**EXERCISE REQUIREMENTS**
Every entry must be set down exactly in the answer; no pictures should appear.

**SOURCE MATERIAL**
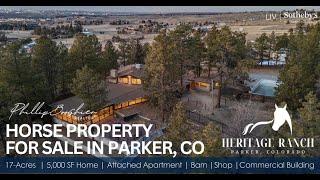 Horse Property for Sale in Parker CO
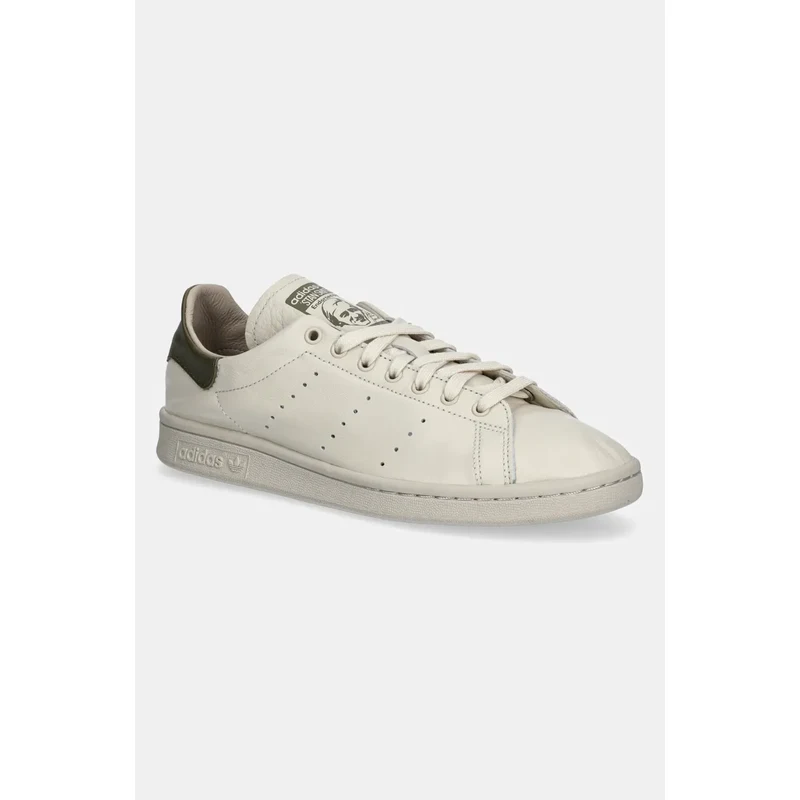 Δερμάτινα αθλητικά παπούτσια adidas Originals Stan Smith χρώμα: μπεζ, JH7403
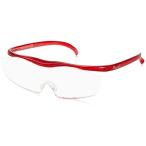 Hazuki ハズキルーペ ラージ 1.6倍 クリアレンズ ルビー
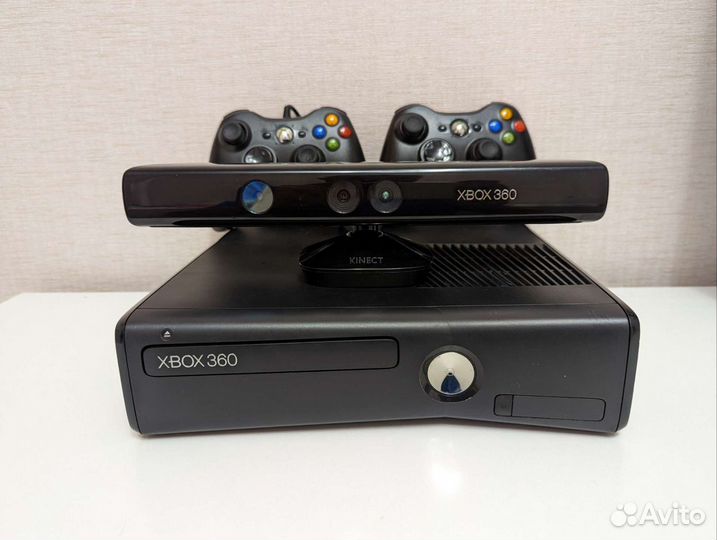 XBox 360 FreeBoot + Kinect + 150 игр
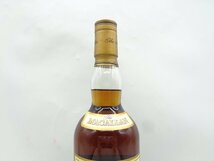 THE MACALLAN ザ マッカラン 12年 シングル ハイランド モルト スコッチ ウイスキー 旧ボトル 未開栓 古酒 750ml 43% B66257_画像6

**EXERCISE ANSWER**
 Horse Property for Sale in Parker CO
 Δερμάτινα αθλητικά παπούτσια adidas Originals Stan Smith χρώμα: μπεζ, JH7403
 Hazuki ハズキルーペ ラージ 1.6倍 クリアレンズ ルビー
 XBox 360 FreeBoot + Kinect + 150 игр
 THE MACALLAN ザ マッカラン 12年 シングル ハイランド モルト スコッチ ウイスキー 旧ボトル 未開栓 古酒 750ml 43% B66257_画像6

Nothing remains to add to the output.